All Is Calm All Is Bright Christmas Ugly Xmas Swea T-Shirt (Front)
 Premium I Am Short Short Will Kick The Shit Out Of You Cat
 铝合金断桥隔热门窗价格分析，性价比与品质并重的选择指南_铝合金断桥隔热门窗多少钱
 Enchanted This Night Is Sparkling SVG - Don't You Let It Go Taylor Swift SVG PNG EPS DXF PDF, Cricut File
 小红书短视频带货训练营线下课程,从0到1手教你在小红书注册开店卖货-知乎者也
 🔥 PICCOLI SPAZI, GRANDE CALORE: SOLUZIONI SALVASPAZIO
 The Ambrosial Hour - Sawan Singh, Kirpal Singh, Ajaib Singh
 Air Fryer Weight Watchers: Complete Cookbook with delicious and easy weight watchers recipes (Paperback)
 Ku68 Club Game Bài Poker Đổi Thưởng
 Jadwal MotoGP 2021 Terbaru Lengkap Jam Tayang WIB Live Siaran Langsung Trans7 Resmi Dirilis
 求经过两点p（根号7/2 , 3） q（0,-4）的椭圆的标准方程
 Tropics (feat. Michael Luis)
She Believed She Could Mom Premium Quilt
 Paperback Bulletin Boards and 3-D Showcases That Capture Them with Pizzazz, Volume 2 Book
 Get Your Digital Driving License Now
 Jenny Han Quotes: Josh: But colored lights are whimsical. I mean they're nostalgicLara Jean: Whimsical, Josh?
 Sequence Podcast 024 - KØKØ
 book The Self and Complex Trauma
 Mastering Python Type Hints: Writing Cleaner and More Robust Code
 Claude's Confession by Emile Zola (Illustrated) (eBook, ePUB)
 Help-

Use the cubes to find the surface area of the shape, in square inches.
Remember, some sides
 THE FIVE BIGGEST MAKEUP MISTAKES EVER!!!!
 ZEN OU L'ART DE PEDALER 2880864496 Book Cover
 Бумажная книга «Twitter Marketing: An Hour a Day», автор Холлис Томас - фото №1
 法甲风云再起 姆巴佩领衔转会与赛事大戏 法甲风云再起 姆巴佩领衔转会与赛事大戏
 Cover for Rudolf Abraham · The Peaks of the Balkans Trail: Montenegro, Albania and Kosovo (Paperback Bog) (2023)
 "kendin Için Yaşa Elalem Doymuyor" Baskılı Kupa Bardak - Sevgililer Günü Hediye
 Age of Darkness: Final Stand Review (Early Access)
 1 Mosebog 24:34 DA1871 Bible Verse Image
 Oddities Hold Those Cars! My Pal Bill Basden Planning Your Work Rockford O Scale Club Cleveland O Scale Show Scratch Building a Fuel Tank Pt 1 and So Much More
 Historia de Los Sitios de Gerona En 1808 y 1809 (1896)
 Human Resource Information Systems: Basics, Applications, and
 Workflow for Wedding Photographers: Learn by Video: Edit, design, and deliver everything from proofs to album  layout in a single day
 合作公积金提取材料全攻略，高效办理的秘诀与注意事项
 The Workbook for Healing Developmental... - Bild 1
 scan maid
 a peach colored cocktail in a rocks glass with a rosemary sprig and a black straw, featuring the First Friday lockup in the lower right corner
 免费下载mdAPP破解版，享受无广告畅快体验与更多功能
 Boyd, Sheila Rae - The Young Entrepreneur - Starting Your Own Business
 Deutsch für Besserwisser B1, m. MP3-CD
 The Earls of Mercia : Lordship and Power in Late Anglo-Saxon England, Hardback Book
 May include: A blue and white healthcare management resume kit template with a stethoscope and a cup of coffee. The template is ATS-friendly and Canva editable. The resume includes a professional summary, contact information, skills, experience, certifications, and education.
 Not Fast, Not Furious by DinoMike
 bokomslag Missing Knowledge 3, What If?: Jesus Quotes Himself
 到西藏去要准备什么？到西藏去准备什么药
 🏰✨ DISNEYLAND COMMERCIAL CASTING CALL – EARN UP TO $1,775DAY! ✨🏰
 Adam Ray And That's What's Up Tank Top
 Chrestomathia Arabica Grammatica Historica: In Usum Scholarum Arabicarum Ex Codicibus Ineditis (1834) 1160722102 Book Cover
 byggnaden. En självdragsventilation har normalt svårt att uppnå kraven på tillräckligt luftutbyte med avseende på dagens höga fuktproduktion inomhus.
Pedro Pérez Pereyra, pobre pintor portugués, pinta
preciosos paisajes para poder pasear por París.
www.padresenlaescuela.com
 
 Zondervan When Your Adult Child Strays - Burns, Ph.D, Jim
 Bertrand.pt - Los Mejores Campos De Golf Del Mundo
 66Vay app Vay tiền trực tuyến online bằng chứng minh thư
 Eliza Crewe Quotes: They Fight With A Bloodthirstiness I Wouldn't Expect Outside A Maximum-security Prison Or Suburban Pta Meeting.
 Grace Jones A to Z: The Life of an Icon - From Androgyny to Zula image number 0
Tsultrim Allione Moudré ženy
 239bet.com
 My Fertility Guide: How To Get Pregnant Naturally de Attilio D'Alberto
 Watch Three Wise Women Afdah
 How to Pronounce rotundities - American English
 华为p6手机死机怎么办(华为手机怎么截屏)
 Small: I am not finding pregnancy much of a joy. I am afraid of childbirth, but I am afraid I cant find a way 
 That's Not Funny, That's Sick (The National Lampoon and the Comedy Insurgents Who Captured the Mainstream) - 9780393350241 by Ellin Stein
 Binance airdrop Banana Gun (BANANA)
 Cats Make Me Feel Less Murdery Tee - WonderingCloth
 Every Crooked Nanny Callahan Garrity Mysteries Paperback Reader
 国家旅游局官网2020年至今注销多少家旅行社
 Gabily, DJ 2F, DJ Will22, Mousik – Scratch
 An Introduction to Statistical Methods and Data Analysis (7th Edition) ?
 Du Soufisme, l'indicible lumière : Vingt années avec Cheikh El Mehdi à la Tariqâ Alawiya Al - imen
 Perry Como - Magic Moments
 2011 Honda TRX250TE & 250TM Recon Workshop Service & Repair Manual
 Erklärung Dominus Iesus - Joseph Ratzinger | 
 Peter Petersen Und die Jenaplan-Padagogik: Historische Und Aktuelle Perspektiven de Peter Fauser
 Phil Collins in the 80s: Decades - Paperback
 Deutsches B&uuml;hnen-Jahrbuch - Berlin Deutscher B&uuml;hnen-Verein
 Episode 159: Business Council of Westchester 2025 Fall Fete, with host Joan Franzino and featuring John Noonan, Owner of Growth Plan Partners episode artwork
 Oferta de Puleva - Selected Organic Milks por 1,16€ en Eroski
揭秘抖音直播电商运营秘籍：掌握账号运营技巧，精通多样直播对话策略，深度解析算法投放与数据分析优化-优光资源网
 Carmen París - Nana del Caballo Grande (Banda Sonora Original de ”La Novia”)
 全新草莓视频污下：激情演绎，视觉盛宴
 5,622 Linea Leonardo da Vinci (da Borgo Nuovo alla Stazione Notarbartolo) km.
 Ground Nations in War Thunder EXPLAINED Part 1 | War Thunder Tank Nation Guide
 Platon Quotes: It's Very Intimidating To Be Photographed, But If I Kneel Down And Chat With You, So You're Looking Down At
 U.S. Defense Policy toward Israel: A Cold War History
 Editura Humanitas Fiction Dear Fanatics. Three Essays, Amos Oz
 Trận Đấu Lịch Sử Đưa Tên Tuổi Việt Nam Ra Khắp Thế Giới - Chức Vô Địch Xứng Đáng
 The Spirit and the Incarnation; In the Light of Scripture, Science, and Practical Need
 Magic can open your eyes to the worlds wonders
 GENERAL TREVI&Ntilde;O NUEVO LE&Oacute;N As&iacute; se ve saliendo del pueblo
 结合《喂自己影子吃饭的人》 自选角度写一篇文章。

______

■ Assignment ■
All lines of the data above must be repeated exactly.

■ The completed task ■
All Is Calm All Is Bright Christmas Ugly Xmas Swea T-Shirt (Front)
 Premium I Am Short Short Will Kick The Shit Out Of You Cat
 铝合金断桥隔热门窗价格分析，性价比与品质并重的选择指南_铝合金断桥隔热门窗多少钱
 Enchanted This Night Is Sparkling SVG - Don't You Let It Go Taylor Swift SVG PNG EPS DXF PDF, Cricut File
 小红书短视频带货训练营线下课程,从0到1手教你在小红书注册开店卖货-知乎者也
 🔥 PICCOLI SPAZI, GRANDE CALORE: SOLUZIONI SALVASPAZIO
 The Ambrosial Hour - Sawan Singh, Kirpal Singh, Ajaib Singh
 Air Fryer Weight Watchers: Complete Cookbook with delicious and easy weight watchers recipes (Paperback)
 Ku68 Club Game Bài Poker Đổi Thưởng
 Jadwal MotoGP 2021 Terbaru Lengkap Jam Tayang WIB Live Siaran Langsung Trans7 Resmi Dirilis
 求经过两点p（根号7/2 , 3） q（0,-4）的椭圆的标准方程
 Tropics (feat. Michael Luis)
She Believed She Could Mom Premium Quilt
 Paperback Bulletin Boards and 3-D Showcases That Capture Them with Pizzazz, Volume 2 Book
 Get Your Digital Driving License Now
 Jenny Han Quotes: Josh: But colored lights are whimsical. I mean they're nostalgicLara Jean: Whimsical, Josh?
 Sequence Podcast 024 - KØKØ
 book The Self and Complex Trauma
 Mastering Python Type Hints: Writing Cleaner and More Robust Code
 Claude's Confession by Emile Zola (Illustrated) (eBook, ePUB)
 Help-

Use the cubes to find the surface area of the shape, in square inches.
Remember, some sides
 THE FIVE BIGGEST MAKEUP MISTAKES EVER!!!!
 ZEN OU L'ART DE PEDALER 2880864496 Book Cover
 Бумажная книга «Twitter Marketing: An Hour a Day», автор Холлис Томас - фото №1
 法甲风云再起 姆巴佩领衔转会与赛事大戏 法甲风云再起 姆巴佩领衔转会与赛事大戏
 Cover for Rudolf Abraham · The Peaks of the Balkans Trail: Montenegro, Albania and Kosovo (Paperback Bog) (2023)
 "kendin Için Yaşa Elalem Doymuyor" Baskılı Kupa Bardak - Sevgililer Günü Hediye
 Age of Darkness: Final Stand Review (Early Access)
 1 Mosebog 24:34 DA1871 Bible Verse Image
 Oddities Hold Those Cars! My Pal Bill Basden Planning Your Work Rockford O Scale Club Cleveland O Scale Show Scratch Building a Fuel Tank Pt 1 and So Much More
 Historia de Los Sitios de Gerona En 1808 y 1809 (1896)
 Human Resource Information Systems: Basics, Applications, and
 Workflow for Wedding Photographers: Learn by Video: Edit, design, and deliver everything from proofs to album  layout in a single day
 合作公积金提取材料全攻略，高效办理的秘诀与注意事项
 The Workbook for Healing Developmental... - Bild 1
 scan maid
 a peach colored cocktail in a rocks glass with a rosemary sprig and a black straw, featuring the First Friday lockup in the lower right corner
 免费下载mdAPP破解版，享受无广告畅快体验与更多功能
 Boyd, Sheila Rae - The Young Entrepreneur - Starting Your Own Business
 Deutsch für Besserwisser B1, m. MP3-CD
 The Earls of Mercia : Lordship and Power in Late Anglo-Saxon England, Hardback Book
 May include: A blue and white healthcare management resume kit template with a stethoscope and a cup of coffee. The template is ATS-friendly and Canva editable. The resume includes a professional summary, contact information, skills, experience, certifications, and education.
 Not Fast, Not Furious by DinoMike
 bokomslag Missing Knowledge 3, What If?: Jesus Quotes Himself
 到西藏去要准备什么？到西藏去准备什么药
 🏰✨ DISNEYLAND COMMERCIAL CASTING CALL – EARN UP TO $1,775DAY! ✨🏰
 Adam Ray And That's What's Up Tank Top
 Chrestomathia Arabica Grammatica Historica: In Usum Scholarum Arabicarum Ex Codicibus Ineditis (1834) 1160722102 Book Cover
 byggnaden. En självdragsventilation har normalt svårt att uppnå kraven på tillräckligt luftutbyte med avseende på dagens höga fuktproduktion inomhus.
Pedro Pérez Pereyra, pobre pintor portugués, pinta
preciosos paisajes para poder pasear por París.
www.padresenlaescuela.com
 
 Zondervan When Your Adult Child Strays - Burns, Ph.D, Jim
 Bertrand.pt - Los Mejores Campos De Golf Del Mundo
 66Vay app Vay tiền trực tuyến online bằng chứng minh thư
 Eliza Crewe Quotes: They Fight With A Bloodthirstiness I Wouldn't Expect Outside A Maximum-security Prison Or Suburban Pta Meeting.
 Grace Jones A to Z: The Life of an Icon - From Androgyny to Zula image number 0
Tsultrim Allione Moudré ženy
 239bet.com
 My Fertility Guide: How To Get Pregnant Naturally de Attilio D'Alberto
 Watch Three Wise Women Afdah
 How to Pronounce rotundities - American English
 华为p6手机死机怎么办(华为手机怎么截屏)
 Small: I am not finding pregnancy much of a joy. I am afraid of childbirth, but I am afraid I cant find a way 
 That's Not Funny, That's Sick (The National Lampoon and the Comedy Insurgents Who Captured the Mainstream) - 9780393350241 by Ellin Stein
 Binance airdrop Banana Gun (BANANA)
 Cats Make Me Feel Less Murdery Tee - WonderingCloth
 Every Crooked Nanny Callahan Garrity Mysteries Paperback Reader
 国家旅游局官网2020年至今注销多少家旅行社
 Gabily, DJ 2F, DJ Will22, Mousik – Scratch
 An Introduction to Statistical Methods and Data Analysis (7th Edition) ?
 Du Soufisme, l'indicible lumière : Vingt années avec Cheikh El Mehdi à la Tariqâ Alawiya Al - imen
 Perry Como - Magic Moments
 2011 Honda TRX250TE & 250TM Recon Workshop Service & Repair Manual
 Erklärung Dominus Iesus - Joseph Ratzinger | 
 Peter Petersen Und die Jenaplan-Padagogik: Historische Und Aktuelle Perspektiven de Peter Fauser
 Phil Collins in the 80s: Decades - Paperback
 Deutsches B&uuml;hnen-Jahrbuch - Berlin Deutscher B&uuml;hnen-Verein
 Episode 159: Business Council of Westchester 2025 Fall Fete, with host Joan Franzino and featuring John Noonan, Owner of Growth Plan Partners episode artwork
 Oferta de Puleva - Selected Organic Milks por 1,16€ en Eroski
揭秘抖音直播电商运营秘籍：掌握账号运营技巧，精通多样直播对话策略，深度解析算法投放与数据分析优化-优光资源网
 Carmen París - Nana del Caballo Grande (Banda Sonora Original de ”La Novia”)
 全新草莓视频污下：激情演绎，视觉盛宴
 5,622 Linea Leonardo da Vinci (da Borgo Nuovo alla Stazione Notarbartolo) km.
 Ground Nations in War Thunder EXPLAINED Part 1 | War Thunder Tank Nation Guide
 Platon Quotes: It's Very Intimidating To Be Photographed, But If I Kneel Down And Chat With You, So You're Looking Down At
 U.S. Defense Policy toward Israel: A Cold War History
 Editura Humanitas Fiction Dear Fanatics. Three Essays, Amos Oz
 Trận Đấu Lịch Sử Đưa Tên Tuổi Việt Nam Ra Khắp Thế Giới - Chức Vô Địch Xứng Đáng
 The Spirit and the Incarnation; In the Light of Scripture, Science, and Practical Need
 Magic can open your eyes to the worlds wonders
 GENERAL TREVI&Ntilde;O NUEVO LE&Oacute;N As&iacute; se ve saliendo del pueblo
 结合《喂自己影子吃饭的人》 自选角度写一篇文章。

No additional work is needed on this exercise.